It beggars belief that you make this arrogant decision little more than a week after the IPCC report has highlighted the deadly state our climatic system is in. It is hard to understand how you can do this. Did you read this report? Are you so arrogant as to think it does not apply? Do you think some knight in shining white armour is going to solve climate change? Are you too frightened to make the right decision? If you can't answer any of these can you at least drop the word 'independent' from the title of your commission and prevent the charade of people thinking that it is worthwhile submitting evidence into it.
Yours sincerely,
Kevin Lister
Monday, October 07, 2013
Response to Sir Howard Davies speech on Airport Capacity
Having read your speech
today, firstly let me congratulate you on the in depth analysis that
you have carried out and the range of view points that you have
considered.
My observation on your comments (in
italics) follow:
- “We are grateful to all those who have responded and helped us in our work. Of course in some cases, at airports or in airlines, for example, one may argue that it is their job to do so. But many others, in local action groups or environmental organisations, have devoted much personal time to preparing well-considered responses to the many questions we have posed.”
After having devoted considerable time making submissions
to this commission, its predecessor the sustainable
aviation consultation and other parliamentary
committees it is gratifying to see your acknowledgement of the
efforts that concerned citizens have gone to.
I trust that with your comment you also appreciate that the dice is
hugely loaded towards the large aviation corporations. From a purely
logistical perspective, it is far easier for them to continue
submitting to consultations such as this than it is for members of
the public who have to balance the time for research and preparation
with the normal day to day business of work and family life. It is
also emotionally draining repeatedly explaining the severity and
consequences of climate change.
But the loading of the dice is done in ways that are far more subtle
and subversive towards supporting the goals of the industry. Many
people are unable to comment on the climate change and environmental
limitations that we inevitably face for fear of losing their job. No
one in the aviation industry, oil industry, motor industry, travel
industry and many others would have the courage to speak loudly
against the aviation industry. To do so, would almost certainly
invite dismissal.
Indeed even in education which should be the bastion of
progressive thought, I have found myself in trouble with my
organisation for stating the obvious in debates such as this.

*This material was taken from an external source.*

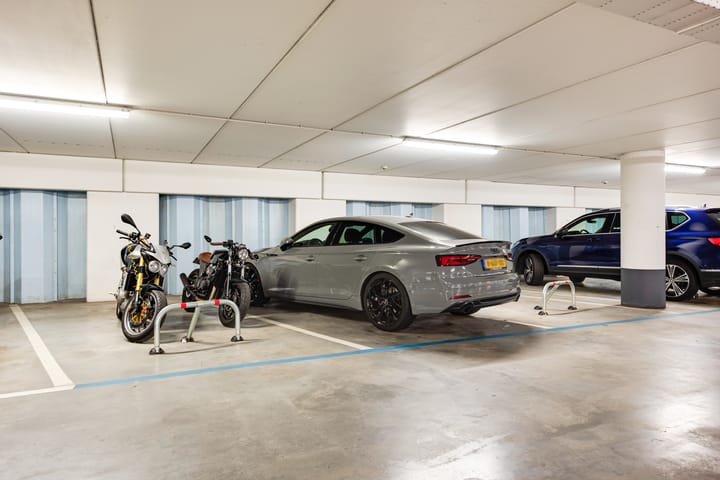 Foto 4 van Stationsplein (diverse parkeerplaatsen)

The final loading of the dice against environmentalists is what they
have to say is what nobody wants to hear. Government's are not
elected on the basis of the closing down airports and tackling
climate change, but ensuring that somehow the status quo of economic
growth can be preserved despite this being impossible. For this, they
have the full backing of the press. So on these matters, governments
listen to industry and then conjure up large and plausible words to
make it sound like they are taking climate change seriously and
listening to environmentalists. I would suggest that despite your
efforts, you will have taken more soundings from industry than from
climate change scientists. It is hugely concerning that your speech
makes no mention of the last IPCC report despite it only being
published one week ago. It is equally concerning when in this country
we have world leading expert centres such as the Tyndal Centre that
you have not solicited information from. Prior to your next report, I
would challenge your organisation to take soundings on this matter
from Prof Kevin Anderson who has done considerable research on the
impacts of aviation on climate change.
I trust also that you appreciate that many thinking people are now
terrified about the emerging disaster of climate change, but feel
powerless to act. Many of these concerned people would neither know
that this commission is taking place nor feel adequately qualified to
make a worthwhile submission – yet their fear of the future remains
justified. This places a special onus on your commission to ensure
environmental considerations are given their full weight, and not
simply moved to one-side by the overwhelming response load that the
aviation industry is able to muster.
- “Official and industry forecasts of demand for air travel have been systematically over-optimistic. Successive Department of Transport forecasts have recently been reduced, since the financial crisis and associated recession. That is partly a function of lower GDP growth, which is a strong driver of demand, but also a result of higher oil prices, which have increased the cost of flying aeroplanes.”
In your demand forecasting paper you never acknowledged the
interconnectivity of the different aspects of our economy. The
financial crisis of 2008 had its roots in the rapidly increasing oil
prices that burst the bubble of speculation that drives the economy.
Since that date the global economy has remained on life support
through a combination of quantitative easing, exceptionally low
interest rates and inflation to transfer wealth from savers to
borrowers. These solutions are not sustainable. Even these
exceptional efforts have hardly boosted economic growth and compared
with times past the recovery is moribund. The biggest message of the
2008 crisis is that the economic system we take for granted is
fundamentally flawed and the same drivers that caused the crisis
haunt us still today. This persistent overhead of uncertainty is
leading the US economy to the unprecedented point of a default on
their bonds. As an ex-financier, I am sure that I do not need to
impress on you the severity of this with its potential to blow out
the water demand forecasts and availability of capital for
investment.
- “While only 6% of UK carbon emissions today are associated with air travel, that proportion could rise sharply as other sectors reduce their emissions. If we allowed unlimited growth in air traffic, that would impose high costs on the rest of the economy if the overall target is to be met, for example, pushing up domestic heating bills as the energy sector has to decarbonise more quickly.”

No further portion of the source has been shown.